■ **Problem**
Once the pictures are removed, reproduce what is left of the data below exactly.

■ **Source data**
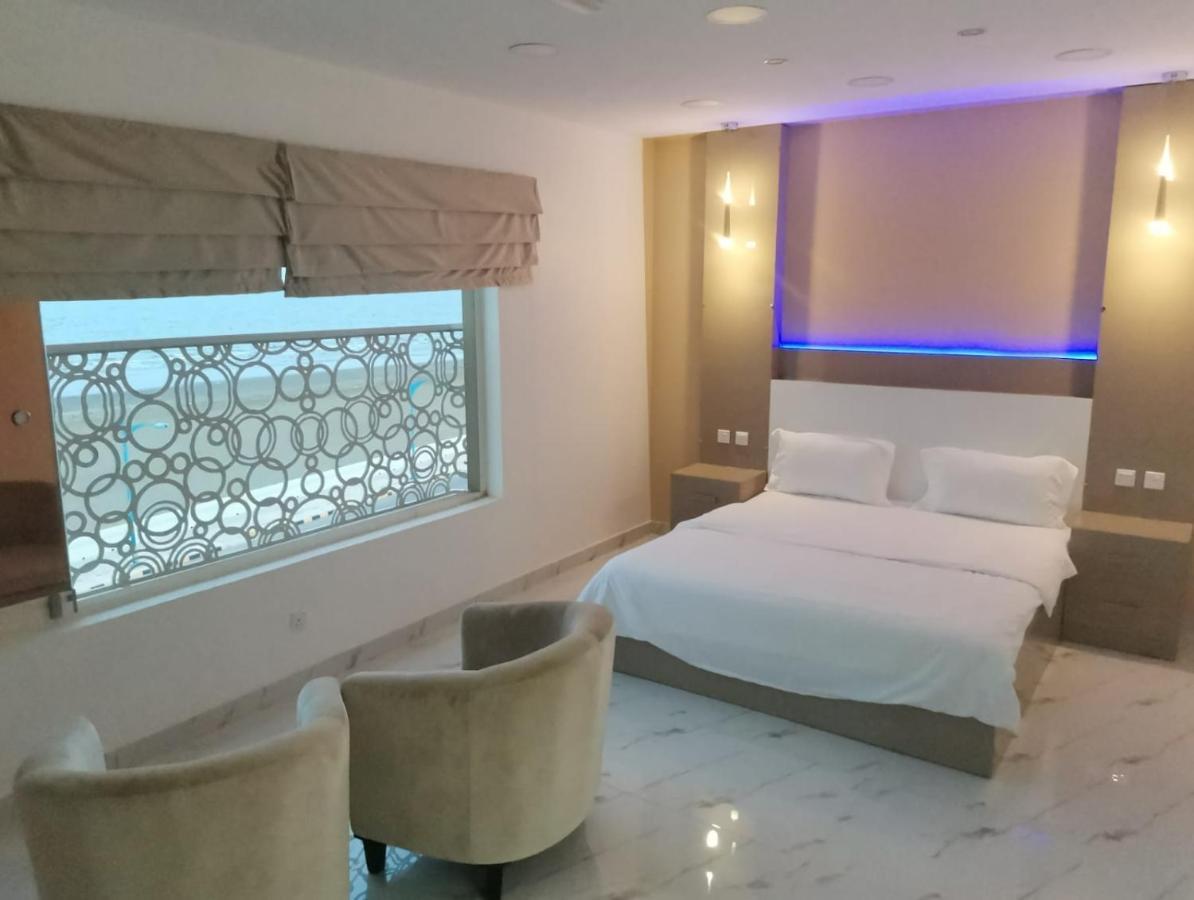 Marina H Hotel Sohar Exterior foto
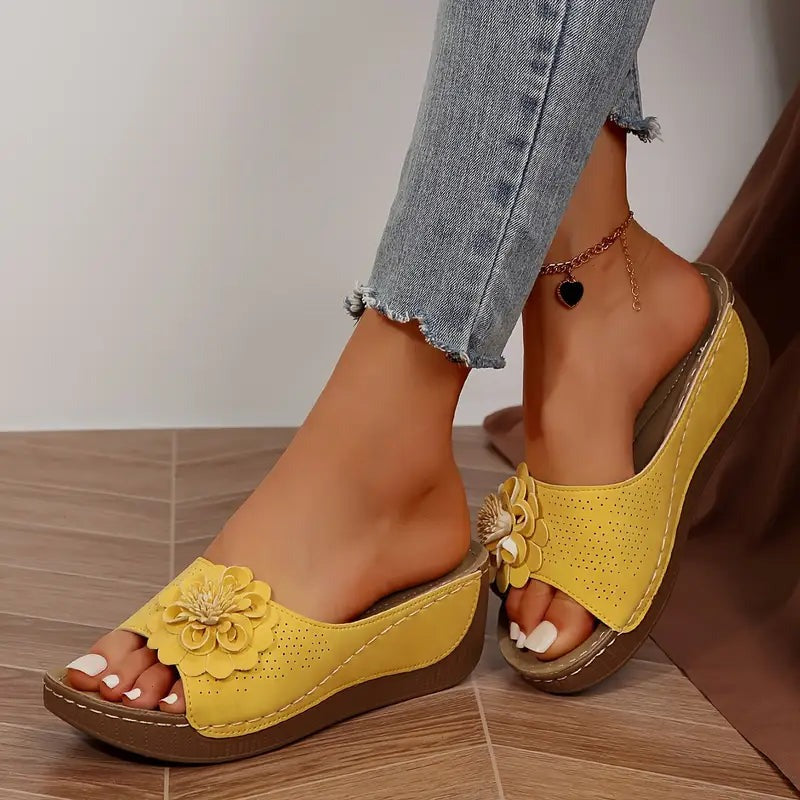 DELFINA - SANDALI CON ZEPPA E FIORI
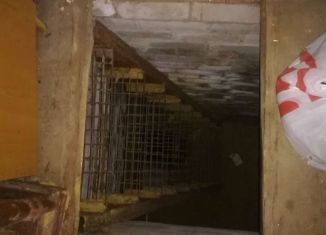 Продаю гараж, 30 м2, Губкин, улица Дзержинского, 113в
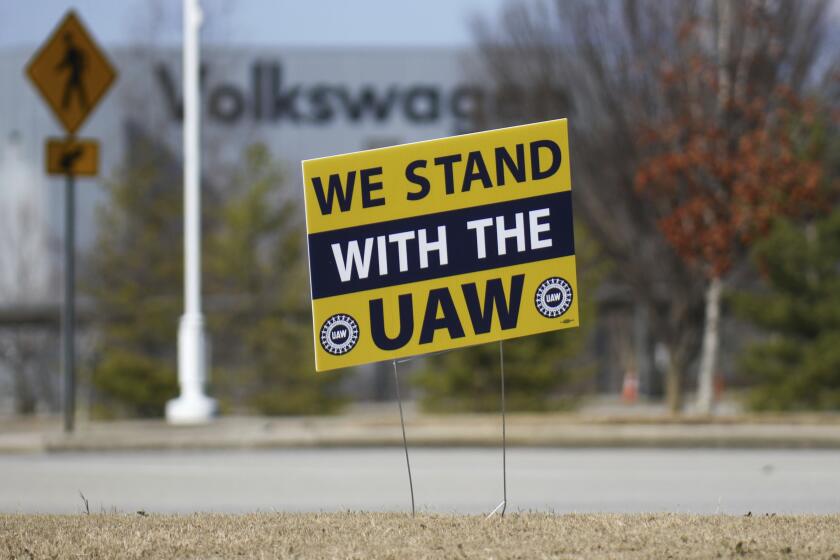 Un cartel que dice "Apoyamos al UAW" afuera de la planta de Volkswagen en Chattanooga, Tennessee, el 18 de diciembre de 2023, en apoyo de los empleados a afiliarse al sindicato. (Olivia Ross/Chattanooga Times Free Press vía AP, archivo)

■ **Response to the exercise**
 Marina H Hotel Sohar Exterior foto
 DELFINA - SANDALI CON ZEPPA E FIORI
 Продаю гараж, 30 м2, Губкин, улица Дзержинского, 113в
 Un cartel que dice "Apoyamos al UAW" afuera de la planta de Volkswagen en Chattanooga, Tennessee, el 18 de diciembre de 2023, en apoyo de los empleados a afiliarse al sindicato. (Olivia Ross/Chattanooga Times Free Press vía AP, archivo)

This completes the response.